Trait Configuration

Overview

This guide will briefly cover the configuration options available for individual association models in this pipeline. This information is only valid as of v2.0.0 and will likely be changed in the future.

Note that in most cases, a new analysis can be easily derived from the model specification of a previous analysis. So please see the existing, validated configuration files in the pipeline repository for examples of how you might create simple association models for your traits.

A Quick Overview of YAML

YAML format is a common configuration format in various applications. If you’re not familiar with it, there’s a lot to know, but it’ll be easiest to simply copy the format from existing configuration files. The one thing you absolutely must know: the leading whitespace in yaml files are actually spaces, not tabs. If you put tabs instead, and sometimes text editors get ambitious and do this on their own, you will get YAML compliance errors from the pipeline, which does actually enforce YAML 1.2 compliance. If you’re ever confused by format issues in yaml files, check for tabs!

Mandatory Settings

  • analysis_prefix: a single string entry, with dashes or underscores, that will provide the unique folder name under $(RESULTS_OUTPUT_DIR) for this analysis model

  • chips: the list of imputed datasets that should be run in this analysis. For PLCO, the valid settings are: OmniX; Omni25; Oncoarray; GSA_batch1; GSA_batch2; GSA_batch3; GSA_batch4; GSA_batch5

  • phenotype: a single entry from the header of $(PHENOTYPE_FILENAME), corresponding to the variable that will be used as the outcome in the association model

  • ancestries: at least one GRAF ancestry to be analyzed. Whitespace in the default GRAF ancestry names should be replaced with underscores. Valid settings are: European; East_Asian; African_American; Hispanic1; Hispanic2; South_Asian; Other.

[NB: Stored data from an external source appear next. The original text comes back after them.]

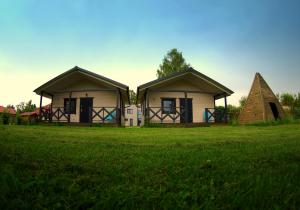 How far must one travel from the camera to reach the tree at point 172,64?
31625 mm

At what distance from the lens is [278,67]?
13133 mm

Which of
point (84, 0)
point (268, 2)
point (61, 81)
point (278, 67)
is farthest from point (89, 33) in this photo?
point (278, 67)

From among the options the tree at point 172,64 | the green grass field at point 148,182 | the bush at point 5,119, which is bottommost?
the green grass field at point 148,182

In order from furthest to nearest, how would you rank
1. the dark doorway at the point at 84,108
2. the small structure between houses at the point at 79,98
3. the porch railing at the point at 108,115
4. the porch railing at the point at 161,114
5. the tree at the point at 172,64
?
the tree at the point at 172,64, the dark doorway at the point at 84,108, the small structure between houses at the point at 79,98, the porch railing at the point at 161,114, the porch railing at the point at 108,115

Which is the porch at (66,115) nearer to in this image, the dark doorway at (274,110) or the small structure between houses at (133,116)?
the dark doorway at (274,110)

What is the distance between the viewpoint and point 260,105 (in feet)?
55.3

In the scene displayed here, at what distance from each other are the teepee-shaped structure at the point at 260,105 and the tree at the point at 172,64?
47.2 ft

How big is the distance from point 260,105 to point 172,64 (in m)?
17.0

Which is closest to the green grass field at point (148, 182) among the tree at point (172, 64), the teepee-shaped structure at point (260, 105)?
the teepee-shaped structure at point (260, 105)

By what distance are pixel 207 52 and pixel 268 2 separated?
7369mm

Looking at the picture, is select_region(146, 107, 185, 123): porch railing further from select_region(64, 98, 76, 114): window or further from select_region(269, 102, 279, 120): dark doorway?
select_region(269, 102, 279, 120): dark doorway

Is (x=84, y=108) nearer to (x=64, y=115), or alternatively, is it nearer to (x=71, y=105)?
(x=71, y=105)

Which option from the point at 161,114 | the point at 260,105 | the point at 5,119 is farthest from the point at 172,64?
the point at 5,119

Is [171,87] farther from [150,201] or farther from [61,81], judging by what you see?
[150,201] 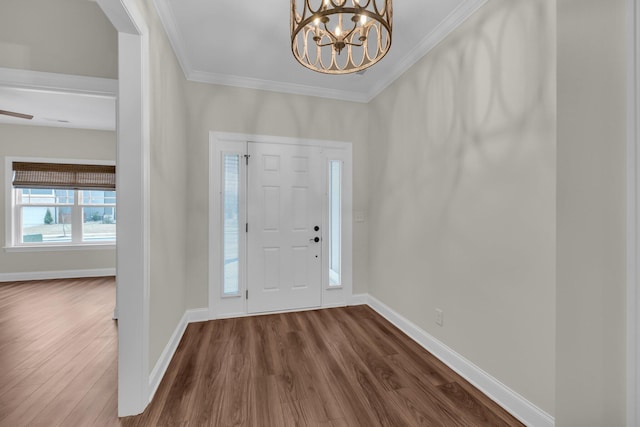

  • algorithm: at least one software tool that should be run for this trait. This is how linear or logistic or polytomous regression is selected for a trait, so be sure to choose correctly! As of v2.0.0, supported methods are: boltlmm (continuous traits), fastgwa (continuous traits), and saige (binary or categorical/ordinal traits); note that fastgwa analyses were removed from primary “Atlas” analysis some months ago, and the pipeline has not been exhaustively tested since

Note

Trait configuration goes through pretty extensive preprocessing with construct.model.matrix and initialize_output_directories. During that process, combinations of chips/ancestries/phenotypes that are invalid are automatically removed from consideration. The result is that you may simply specify as many chips and ancestries as you want, and combinations of those settings that do not meet minimum criteria (typically sample size or case count) are dropped without error. This makes trait configuration significantly easier for the “Atlas” than it would be otherwise; though please be careful to check that you see the final results that you expect to have available when all is said and done.

Optional Settings

  • covariates: set of entries from the header of $(PHENOTYPE_FILENAME), corresponding to variables to be potentially included in the association model. Also accepted are the special values PC#, where # is the number of the principal component you want added to the model. The acceptable PC numbers are determined by $(SMARTPCA_N_PCS). Variables will be processed and dropped according to the preprocessing done by construct.model.matrix. Notably, indicator variables not present in a particular platform/ancestry combination will automatically be dropped, so the union of all batch variables can be specified here. Though optional, you’ll almost certainly want to at least specify 10 PCs here.

  • id_mode: one of chrpos (default) or rsid. Controls the format of variant IDs in the final output files. rsid is requested for “Atlas” results.

  • frequency_mode: one of reference (default) or subject. Controls the source of variant allele frequency data in the final output files. reference is requested for “Atlas” results, and is suitable for public release of association results.

  • sex-specific: one of combined (default), female, or male. Controls automatic restriction of analyzed subjects on all platforms to the requested subset of subjects. Subject sex is determined from $(PHENOTYPE_FILENAME) column sex. Note that phenotypes that are restricted to a single sex already within $(PHENOTYPE_FILENAME) (e.g. breast cancer, prostate cancer) should be run with this set to combined. For postprocessing pipelines, if you want data combined across sex-specific and combined analyses for a trait, you should append _female or _male, as appropriate, to the entry analysis_prefix.

  • control_inclusion: a set of variables and levels of those variables that should be used for selecting valid controls for binary trait analyses. Subjects not matching these criteria will automatically be dropped from the association model. The intended purpose of this option was to specify clean_control: 1 for all binary traits in the “Atlas”. See this binary trait configuration file for an example.

  • control_exclusion: a set of variables and levels of those variables that should be used for removing invalid controls for binary trait analyses. Subjects matching these criteria will automatically be dropped from the association model. The intended purpose of this option was to specify bq_hyster_f_b: 1 as an exclusion criterion for controls for endometrial cancer association; see the corresponding configuration file for an example.